### [Material supplied]
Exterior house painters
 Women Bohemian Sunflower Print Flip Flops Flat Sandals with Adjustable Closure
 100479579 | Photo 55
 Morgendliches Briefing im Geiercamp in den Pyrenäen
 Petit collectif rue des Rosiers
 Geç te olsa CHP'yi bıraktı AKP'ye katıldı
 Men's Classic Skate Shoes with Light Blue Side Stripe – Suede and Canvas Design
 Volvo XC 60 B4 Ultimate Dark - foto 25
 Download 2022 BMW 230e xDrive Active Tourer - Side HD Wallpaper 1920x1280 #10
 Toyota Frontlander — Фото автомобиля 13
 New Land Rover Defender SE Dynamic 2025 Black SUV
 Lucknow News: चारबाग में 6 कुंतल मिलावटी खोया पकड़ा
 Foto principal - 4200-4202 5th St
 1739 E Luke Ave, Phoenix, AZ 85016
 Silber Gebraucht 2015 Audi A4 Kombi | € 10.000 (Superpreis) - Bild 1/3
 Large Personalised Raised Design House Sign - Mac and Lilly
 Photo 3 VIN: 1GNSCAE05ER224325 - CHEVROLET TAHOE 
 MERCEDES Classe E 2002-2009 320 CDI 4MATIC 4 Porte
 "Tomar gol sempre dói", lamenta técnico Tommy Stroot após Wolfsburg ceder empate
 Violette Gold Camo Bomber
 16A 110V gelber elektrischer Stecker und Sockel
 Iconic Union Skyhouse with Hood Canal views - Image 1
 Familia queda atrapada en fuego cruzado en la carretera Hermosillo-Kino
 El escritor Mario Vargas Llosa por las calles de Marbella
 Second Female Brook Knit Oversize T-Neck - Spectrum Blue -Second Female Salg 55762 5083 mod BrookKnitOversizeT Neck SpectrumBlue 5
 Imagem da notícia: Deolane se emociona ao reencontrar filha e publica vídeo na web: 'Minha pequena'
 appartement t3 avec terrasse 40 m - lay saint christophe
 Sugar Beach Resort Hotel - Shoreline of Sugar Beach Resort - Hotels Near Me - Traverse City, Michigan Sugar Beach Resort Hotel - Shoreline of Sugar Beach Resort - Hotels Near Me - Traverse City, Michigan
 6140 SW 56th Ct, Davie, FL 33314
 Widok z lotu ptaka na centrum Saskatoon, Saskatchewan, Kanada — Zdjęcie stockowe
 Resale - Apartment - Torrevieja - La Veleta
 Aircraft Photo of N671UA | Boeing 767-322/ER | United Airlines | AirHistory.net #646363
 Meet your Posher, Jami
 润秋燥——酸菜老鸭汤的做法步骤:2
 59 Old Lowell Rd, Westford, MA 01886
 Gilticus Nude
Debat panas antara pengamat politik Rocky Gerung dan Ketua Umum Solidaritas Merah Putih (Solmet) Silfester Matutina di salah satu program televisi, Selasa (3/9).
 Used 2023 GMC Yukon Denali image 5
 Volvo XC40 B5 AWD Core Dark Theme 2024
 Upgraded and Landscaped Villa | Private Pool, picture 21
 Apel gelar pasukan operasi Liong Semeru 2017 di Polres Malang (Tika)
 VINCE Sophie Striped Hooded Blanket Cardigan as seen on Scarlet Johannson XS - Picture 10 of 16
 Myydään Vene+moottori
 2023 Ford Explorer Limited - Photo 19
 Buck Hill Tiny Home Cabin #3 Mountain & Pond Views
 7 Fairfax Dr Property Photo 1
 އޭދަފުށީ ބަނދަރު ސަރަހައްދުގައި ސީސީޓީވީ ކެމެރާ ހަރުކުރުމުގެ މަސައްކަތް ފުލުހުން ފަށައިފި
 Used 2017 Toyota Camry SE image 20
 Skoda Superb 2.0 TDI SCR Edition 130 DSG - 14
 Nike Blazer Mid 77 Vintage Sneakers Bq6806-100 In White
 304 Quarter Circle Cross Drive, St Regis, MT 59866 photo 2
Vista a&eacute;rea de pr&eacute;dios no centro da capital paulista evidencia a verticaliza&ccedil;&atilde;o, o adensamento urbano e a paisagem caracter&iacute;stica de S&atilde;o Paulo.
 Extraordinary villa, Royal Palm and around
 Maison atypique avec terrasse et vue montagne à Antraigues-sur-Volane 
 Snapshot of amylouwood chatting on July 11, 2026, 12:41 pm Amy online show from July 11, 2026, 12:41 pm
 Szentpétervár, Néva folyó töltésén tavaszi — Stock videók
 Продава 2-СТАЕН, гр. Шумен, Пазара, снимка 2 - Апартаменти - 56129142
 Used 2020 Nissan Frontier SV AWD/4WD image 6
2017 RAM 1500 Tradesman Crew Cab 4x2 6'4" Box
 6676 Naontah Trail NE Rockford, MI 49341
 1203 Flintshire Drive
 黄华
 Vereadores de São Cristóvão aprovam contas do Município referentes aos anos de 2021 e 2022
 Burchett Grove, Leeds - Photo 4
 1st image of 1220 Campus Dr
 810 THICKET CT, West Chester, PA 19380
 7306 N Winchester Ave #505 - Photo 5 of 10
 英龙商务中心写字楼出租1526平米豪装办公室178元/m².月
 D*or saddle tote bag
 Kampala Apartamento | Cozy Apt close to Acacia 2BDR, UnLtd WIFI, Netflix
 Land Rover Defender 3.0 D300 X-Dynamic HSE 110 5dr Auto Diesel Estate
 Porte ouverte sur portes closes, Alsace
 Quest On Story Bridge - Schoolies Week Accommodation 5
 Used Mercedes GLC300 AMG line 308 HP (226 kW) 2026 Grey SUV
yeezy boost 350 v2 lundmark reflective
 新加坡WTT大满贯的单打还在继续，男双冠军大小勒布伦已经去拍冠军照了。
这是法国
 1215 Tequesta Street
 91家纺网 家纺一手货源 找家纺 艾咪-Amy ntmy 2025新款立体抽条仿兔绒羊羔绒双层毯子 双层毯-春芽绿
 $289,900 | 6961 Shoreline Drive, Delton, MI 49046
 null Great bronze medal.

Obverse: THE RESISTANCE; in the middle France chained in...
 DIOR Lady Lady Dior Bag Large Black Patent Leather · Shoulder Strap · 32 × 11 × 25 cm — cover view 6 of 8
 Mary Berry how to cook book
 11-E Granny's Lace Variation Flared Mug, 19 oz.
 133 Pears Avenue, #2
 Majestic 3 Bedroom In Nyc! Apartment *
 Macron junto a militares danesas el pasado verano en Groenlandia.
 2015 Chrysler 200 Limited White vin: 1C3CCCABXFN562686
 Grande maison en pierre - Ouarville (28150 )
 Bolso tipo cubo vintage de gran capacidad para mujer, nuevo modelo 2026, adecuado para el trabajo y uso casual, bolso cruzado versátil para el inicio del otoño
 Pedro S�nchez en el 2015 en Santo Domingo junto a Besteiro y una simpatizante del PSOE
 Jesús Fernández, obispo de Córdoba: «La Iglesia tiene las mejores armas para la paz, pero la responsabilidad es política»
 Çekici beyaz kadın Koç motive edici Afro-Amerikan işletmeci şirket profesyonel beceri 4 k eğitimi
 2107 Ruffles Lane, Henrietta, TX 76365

### [Instructions to follow]
Would you please copy every line from the listing above that contains the word "Design"?

### [Answer section]
 Men's Classic Skate Shoes with Light Blue Side Stripe – Suede and Canvas Design
 Large Personalised Raised Design House Sign - Mac and Lilly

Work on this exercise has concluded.